Well, you can read the story to find out. What I want to talk about here is how writing this particular story enabled me to show a group of aspiring SF&Fantasy writers the journey that a piece of fiction takes, whether you’re just starting out, or whether you’re someone like me with fifteen novels and umpteen short stories to your credit. More than that, I’m convinced that every story must take this journey if it’s going to be worth reading.
Last December I was teaching on a residential course at Moniack Mhor, the Scottish Creative Writing Centre, up near Inverness. As part of my preparation, I had submissions from the students to critique. This means I arrived a folder of pages extensively marked up with red pen… Now, getting your work back covered in queries, suggestions and corrections is not necessarily an easy thing to handle. Writing’s such an intensely personal thing and we invest so much time and effort in it, that seeing it criticized can really sting. I know that full well myself. So what could I offer these keen writers, to ease that impact?
I realised I could show them the editorial notes that I had been sent for this particular story. As it happened, that was a page’s worth. Now, Teresa Edgerton knows what she’s doing. She started off by telling me what she particularly liked in the story, highlighting original angles that had caught her eye and complimenting me on my clean prose. That was about three or four lines worth.

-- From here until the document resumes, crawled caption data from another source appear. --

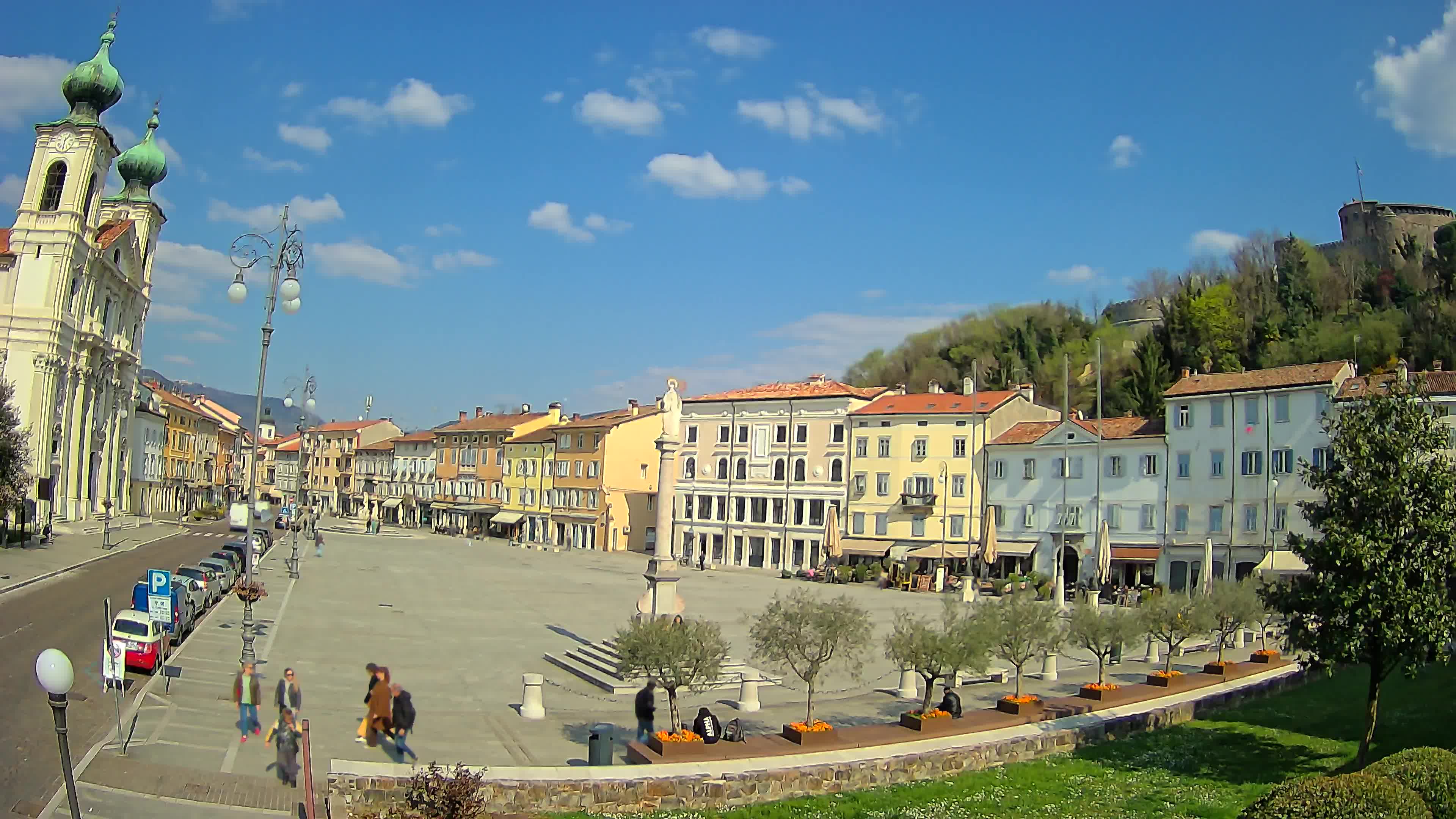Kamera Gorica Travnik in cerkev sv. Ignacija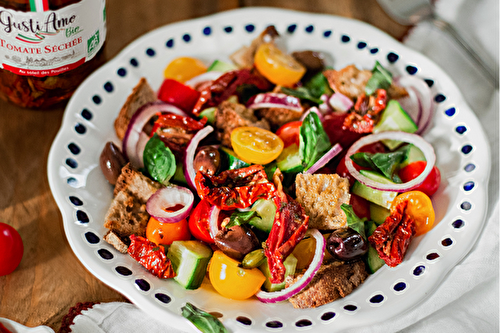 Salade panzanella aux deux tomates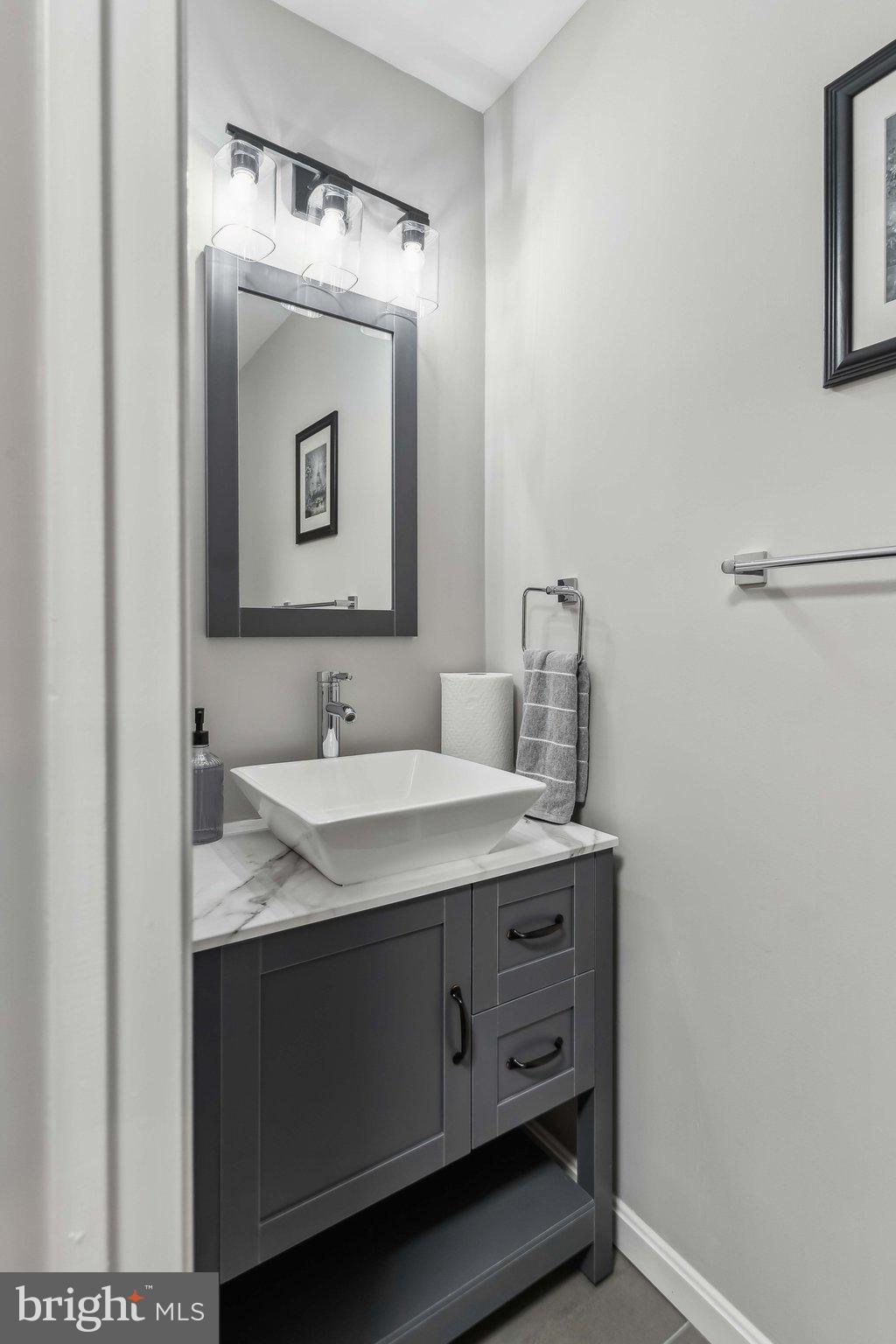 FALLS CHURCH - Residential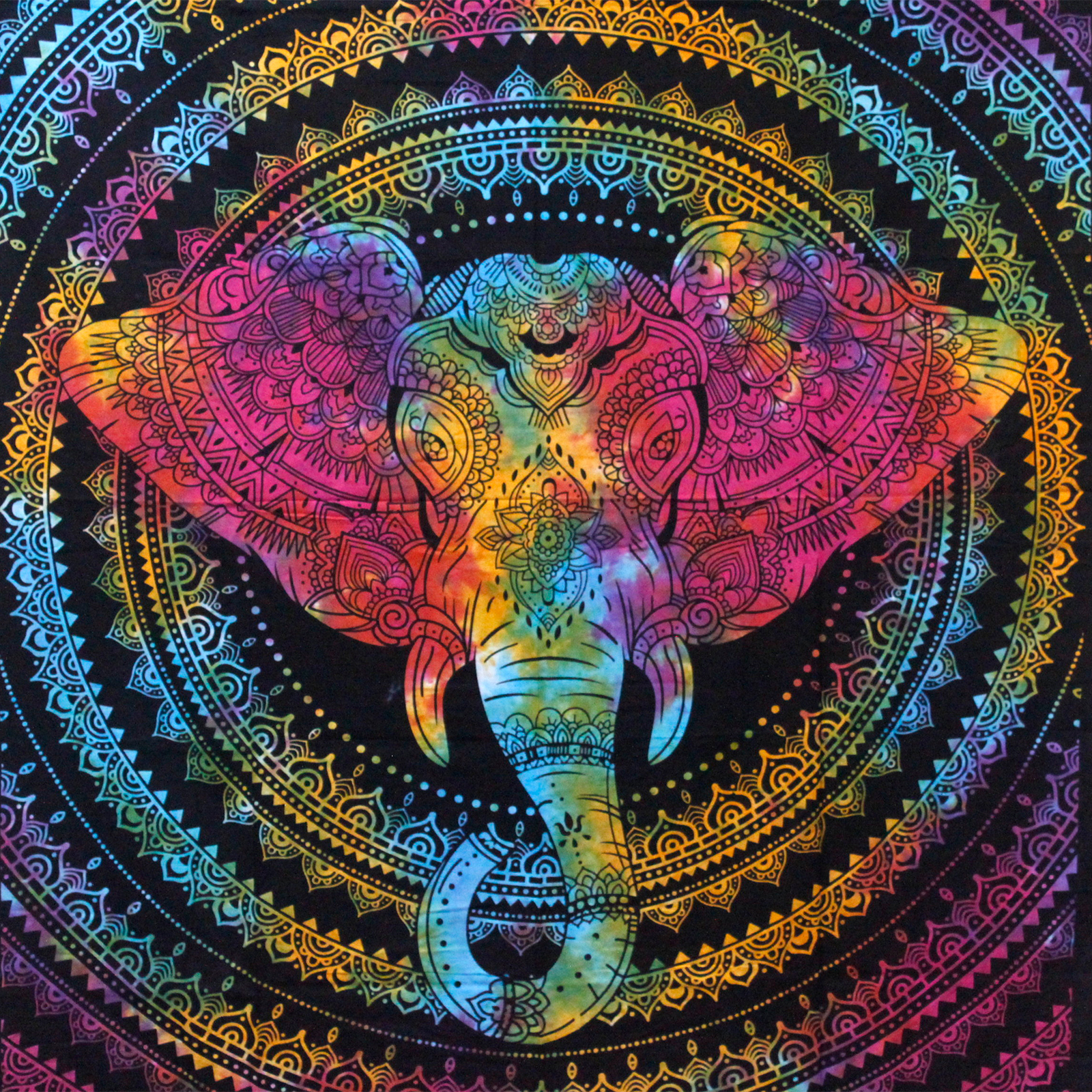 Väggbonad  - Elefant i Batik - 2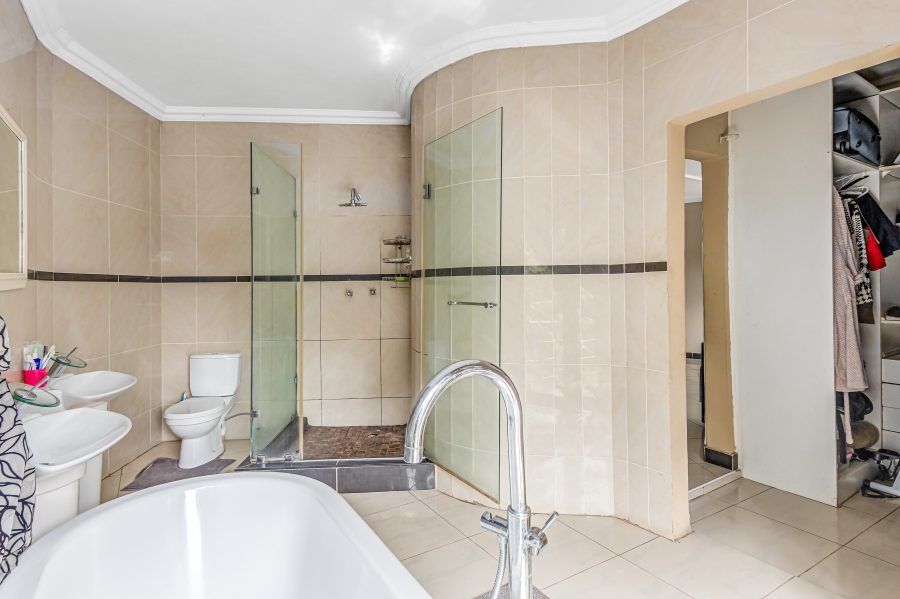 5 Bedroom Property for Sale in Woodmead Gauteng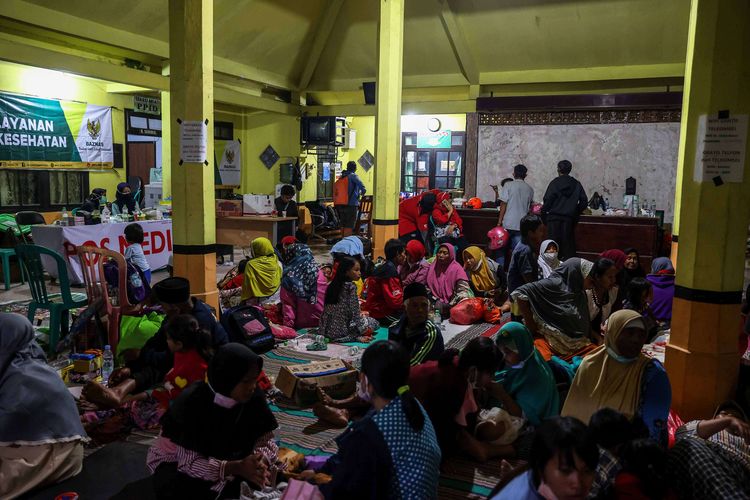 Warga mengungsi di balai desa untuk menghindari letusan susulan Gunung Semeru di Sumberwuluh, Kecamatan Candipuro, Kabupaten Lumajang, Jawa Timur, Minggu (5/12/2021). Selain balai desa, sejumlah tempat pengungsian lainnya, seperti masjid dan beberapa gedung SD Negeri telah disediakan. Total terdapat 80 orang laki-laki serta 75 perempuan, ditambah 35 warga lanjut usia dan 30 anak yang mengungsi di balai desa.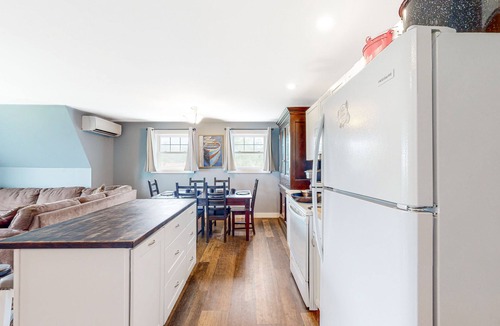 Bayville Apartment | Mill Pond Suite C | Studio in East Boothbay near the river with gym equipment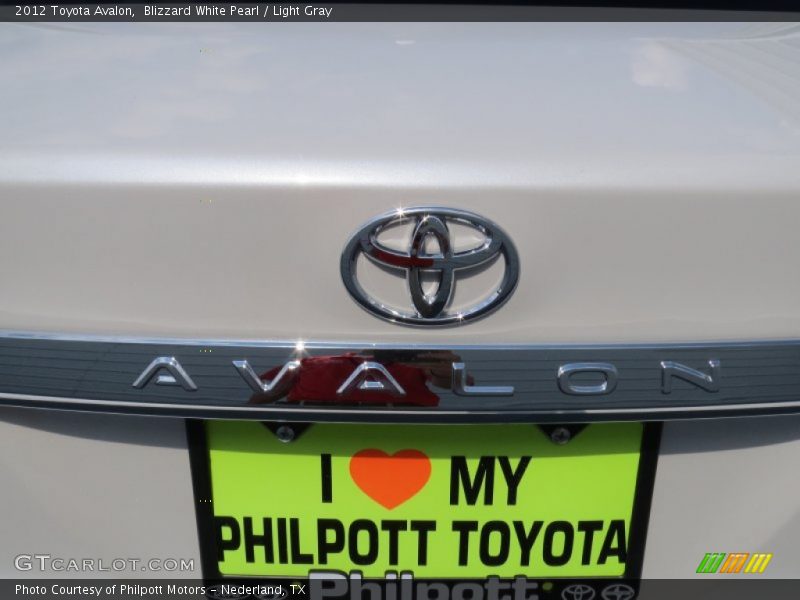 Blizzard White Pearl / Light Gray 2012 Toyota Avalon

And then… she highlighted the things which I needed to address in that final draft story. Points where the pace needed looking at. Points where character motivations and their reactions needed further consideration. Points where what I had written might challenge reader engagement. She offered a few thoughts on possible routes to pursue, though of course, as all good editors agree, deciding what to do was up to me. It’s my story after all.
Those notes filled the rest of the page. Did this mean this was a bad story? Did this mean I was kidding myself calling myself a writer? Did it mean that I’d learned nothing over those fifteen novels and however many stories? Not at all. I’m an experienced author and I’ve learned to demand a high standard of myself. (Go and read some of these free stories if you want to check.)
But every story needs fresh eyes. In this particular instance, Teresa’s viewpoint was invaluable and all the more so because she’s not an established reader of my Einarinn books. Her comments made me realise that I had been subconsciously writing for people with a far greater knowledge of my existing work than was either fair or desirable in a story like this. Among other things, I was presuming background knowledge that would generate tension that wasn’t there on the page. I was including additional details to tweak tantalizing loose threads from the novels which played no direct part in these events.
Was I thrilled to learn this? No, of course I wasn’t, not initially. I told you that feedback can sting, even now, even just a little bit. Surely my story was perfect? I must have grumbled into my coffee for oh, at least two minutes…
Then I told myself that was more than enough self-indulgence and got to work. Because on my personal journey as a writer over nearly twenty years now, I’ve learned that this is how writing good fiction works. So I sat and thought and then I tightened things up here and there. I cut and trimmed elsewhere, and clarified this and that. It wasn’t a great deal of work but now that I had seen this story through Teresa’s eyes, I had a whole new, sharper focus.
So that’s the story of this particular tale’s journey. Enjoy!
Oh, and those aspiring writers at Moniack Mhor? They worked with me so positively on my feedback that I have great hopes of their future success.